Bu haftaki köşemizde siz okurlardan muhtelif haberlere gelen farklı eleştiriler sıralanmakta.
Sırayla gidelim.
Haberin (11 Temmuz) başlığı şöyle:
Sortie'den 5 bin Kilo Et Çalan Görevli Yakalandı.
Spot, gece kulübünün bir temizlik görevlisinin, 'depodan 5 bin 250 kilo dondurulmuş et çalmak için anahtarı kopyaladığı ortaya çıktığını' belirtiyor.
Haber metni şöyle: '.. Sortie'de temizlik görevlisi olarak çalışan Yılmaz Barış, kulübün deposundan 5 bin 250 kilo dondurulmuş et çalarken yakalandı.
Barış'ın üzerinden deponun anahtarının çıkması üzerine sayım yapan görevliler, 50 şişe içkinin de eksik olduğunu belirledi.
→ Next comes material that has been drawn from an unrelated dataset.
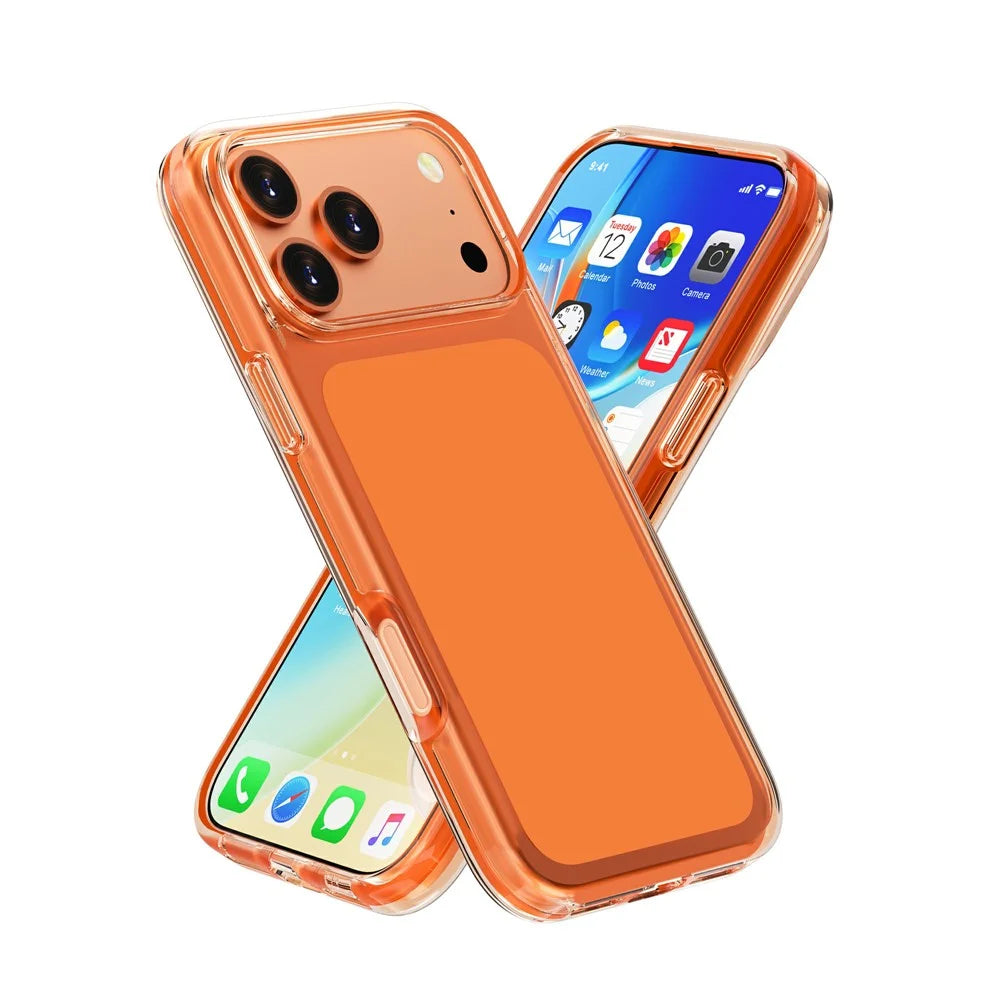 For iPhone 18 Pro Max / 17 Pro Max Case PC + TPU Shockproof Clear Phone Cover - Transparent Orange - 2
Kulüp görevlileri tarafından tartaklanan Yılmaz Barış hakkında 9 yıla kadar hapis cezası istemiyle dava açıldı. İstanbul Cumhuriyet Savcılığı'nca hazırlanan iddianameye göre, Beşiktaş Ortaköy'deki ünlü gece kulübü Sortie'de temizlik görevlisi olarak çalışan Yılmaz Barış (37) bir şekilde anahtarlarını ele geçirdiği depodan 5 bin 250 kilogram dondurulmuş et çaldı.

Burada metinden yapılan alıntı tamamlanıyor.